Some questions if you have the time. I see hetzner who hosts my site offers osCommerce Shopping Cart and ZenCart Shopping Cart which are open source shopping carts did you look at the open source shopping carts before you chose cubecart. 
Anyway I will keep you guys informed of how this goes in a new thread when the website is ready to go. :Beta1:

----------


## Mark Atkinson

Very interesting. Had a look at the darts and the maxsports sites. 

Not bad at all. I definitely think that Cubecart thing isn't the way to go though. It looks like it's more of a mission to use than it is helpful. 

For a lot of our sites we use Joomla! With thousands of extensions and a fantastic support forum with over 300000 members, you can't go wrong!  :Smile:  Wordpress is great too, but we tend to just use it for sites containing blogs, as this is what it was primarily built for!  :Smile:  The max sports site is pretty cool looking though!
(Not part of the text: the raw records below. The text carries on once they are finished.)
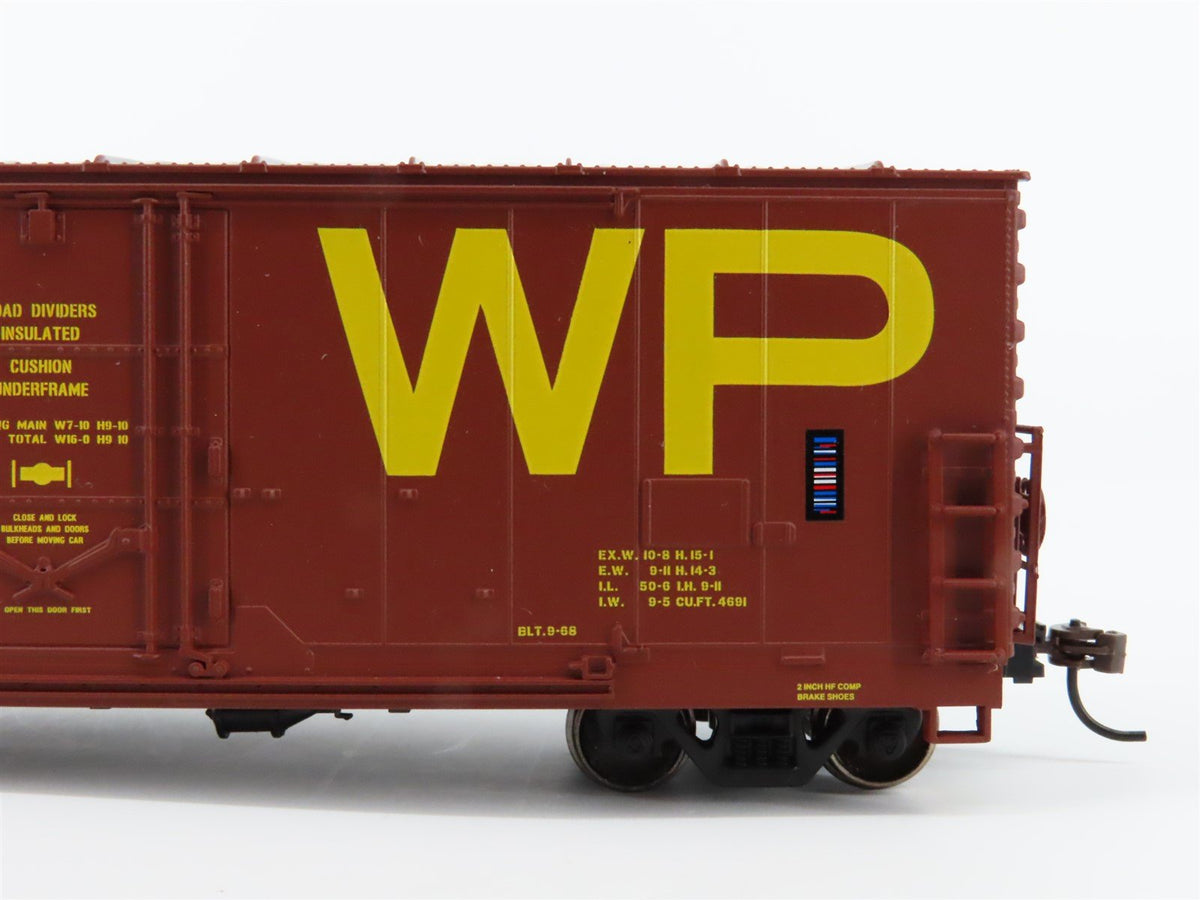 HO Scale Athearn 91364 WP Western Pacific 50&#39; Double Plug Door Box Car #62214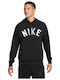 Swoosh Dri-Fit Суитшърт с Качулка Черен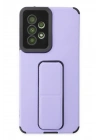 BFS  Samsung Galaxy A53 5G Kılıf Mega Standlı Silikon - Lila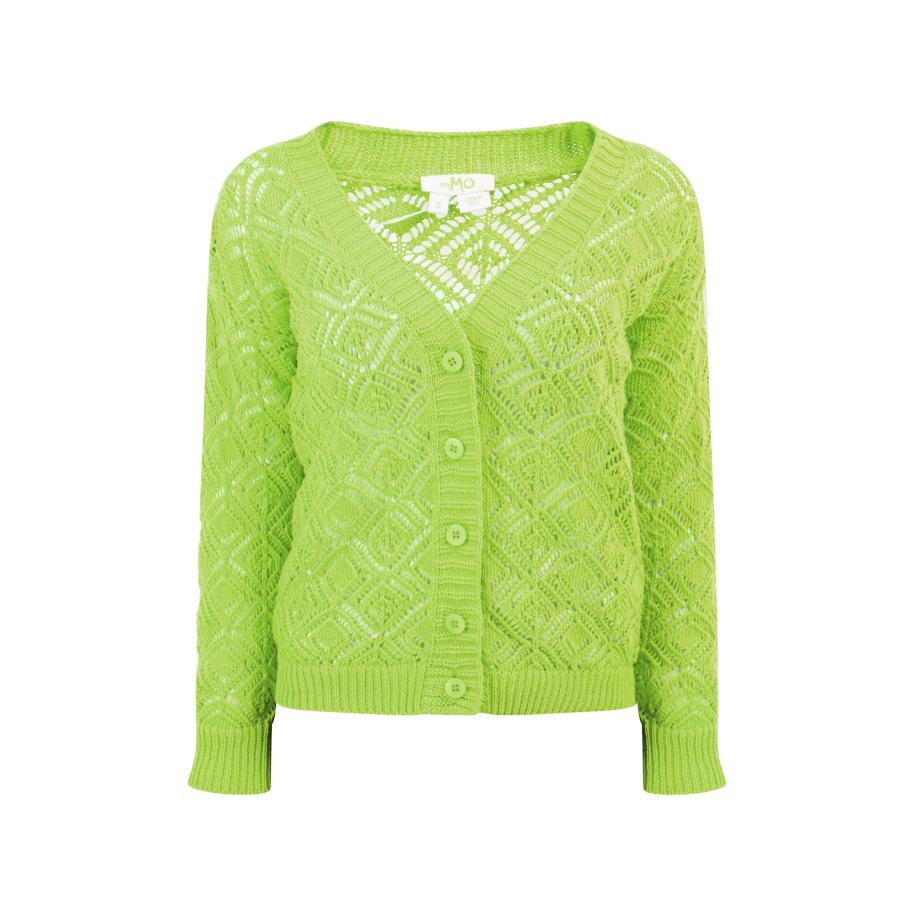 MYMO MYMO Gebreid vest lichtgroen -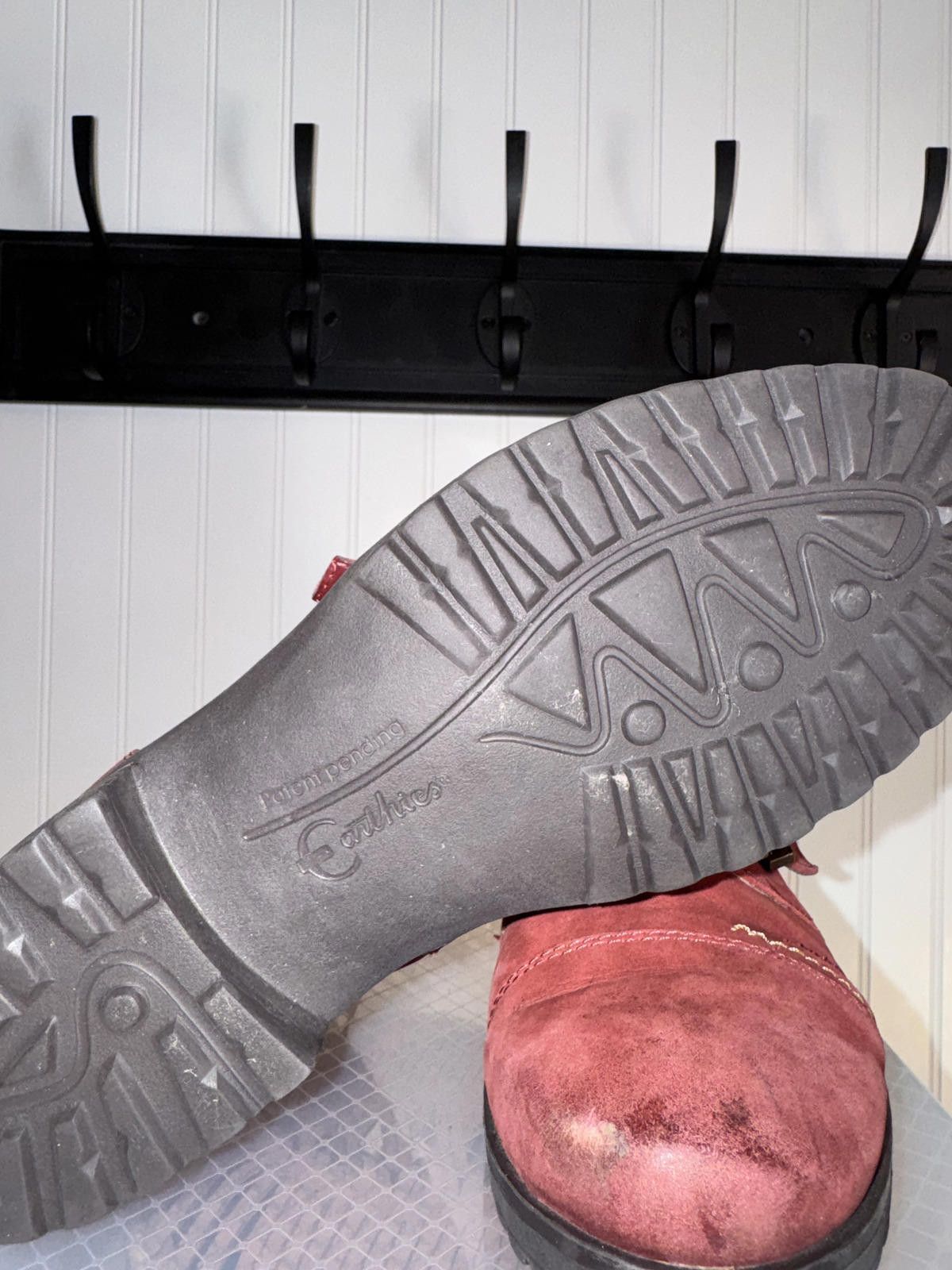 Other Earthies Carlow Red Buckle Strap Ankle Boots Size US 8.5 / IT 38.5 - 4 Thumbnail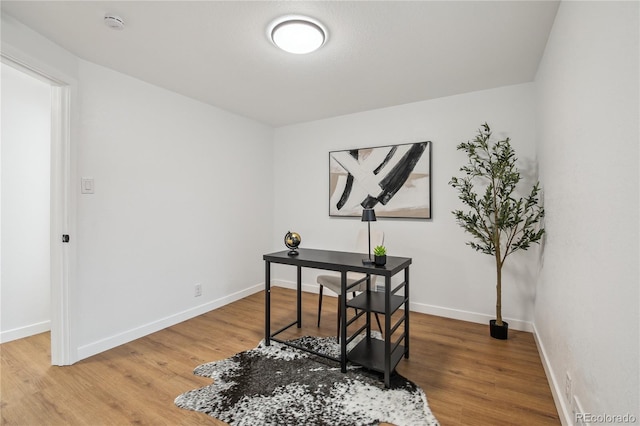 5515 Dudley Ct, Arvada, CO 80002 - office area with wood finished floors and baseboards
Soon we'll be launching our own e-commerce site which deals with t-shirts that are very niche-based.  Will let you guys know when it comes into fruition.  :Big Grin:  

I think you will really struggle if you decide to build a bigger site encompassing all the products because you will have far more competition then and even if your page does rank somewhere on the first 3 pages, an unrecognised name is far less likely to convert viewers to buyers than one of the bigger e-commerce sites would be.  :Frown: 

You see, even with an unoptimized (for SEO) site, you're still managing to rank on the longer tail traffic.  If you optimize your site well enough, that ranking will jump up, I'm sure of it. 

Convert all your niche based sites into one that isn't niche-focused, and you're going to have a problem.  The problem can be rectified by spending a lot of time on internet marketing and social networking, in order to get the bigger site up the ranking. It will take a lot more effort than you're having to put in for your niche sites though. 

Glad to see you're continuously working on it!  :Smile:  Congrats on your first few customers!

----------


## tonyflanigan

@Ian. Imho, osCommerce is the route to take. Until very recently Zen was the Open Source e-commerce platform of choice, but the guys at osCommerce have really pulled their fingers out and are doing some great stuff. Apart from that, I find working the osComm backend easier, and more intuitive than Zen.

@Mark. Some great insights, thanks. I must say that I personally don't dig the Joomla thing too much. Way back when, I started messing with Joomla and Wordpress round about the same time, and for some reason had a mental block with Joomla. Figures can prove anything, depending on how they're used, and right off I need to throw in that Wordpress has had more core downloads than Joomla. WP is not only a blogging platform, although that was its main reason for creation. It is also an incredible cms.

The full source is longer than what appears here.